Short text fragments from websites:
◇ ◇ ◇ ◇ ◇

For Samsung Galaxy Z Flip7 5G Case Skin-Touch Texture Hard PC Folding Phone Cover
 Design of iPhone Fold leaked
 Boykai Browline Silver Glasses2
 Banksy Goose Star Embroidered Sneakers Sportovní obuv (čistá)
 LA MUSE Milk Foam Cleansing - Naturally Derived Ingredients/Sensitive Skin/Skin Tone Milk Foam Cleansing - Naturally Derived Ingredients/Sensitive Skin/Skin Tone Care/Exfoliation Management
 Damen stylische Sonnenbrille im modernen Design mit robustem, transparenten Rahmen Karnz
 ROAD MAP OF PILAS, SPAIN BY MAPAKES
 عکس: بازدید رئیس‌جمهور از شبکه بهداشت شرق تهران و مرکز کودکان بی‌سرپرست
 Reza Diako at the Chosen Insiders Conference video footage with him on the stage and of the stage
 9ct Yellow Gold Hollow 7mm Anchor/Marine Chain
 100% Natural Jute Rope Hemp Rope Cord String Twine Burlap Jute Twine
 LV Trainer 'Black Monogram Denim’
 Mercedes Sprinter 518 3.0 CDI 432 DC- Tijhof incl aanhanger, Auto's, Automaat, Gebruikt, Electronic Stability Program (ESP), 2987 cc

◇ ◇ ◇ ◇ ◇

Goal of the exercise: Starting from the line with "عکس: بازدید رئیس‌جمهور", write out every remaining line of the data above exactly, the final line included, and nothing before it.

Answer to the problem:
 عکس: بازدید رئیس‌جمهور از شبکه بهداشت شرق تهران و مرکز کودکان بی‌سرپرست
 Reza Diako at the Chosen Insiders Conference video footage with him on the stage and of the stage
 9ct Yellow Gold Hollow 7mm Anchor/Marine Chain
 100% Natural Jute Rope Hemp Rope Cord String Twine Burlap Jute Twine
 LV Trainer 'Black Monogram Denim’
 Mercedes Sprinter 518 3.0 CDI 432 DC- Tijhof incl aanhanger, Auto's, Automaat, Gebruikt, Electronic Stability Program (ESP), 2987 cc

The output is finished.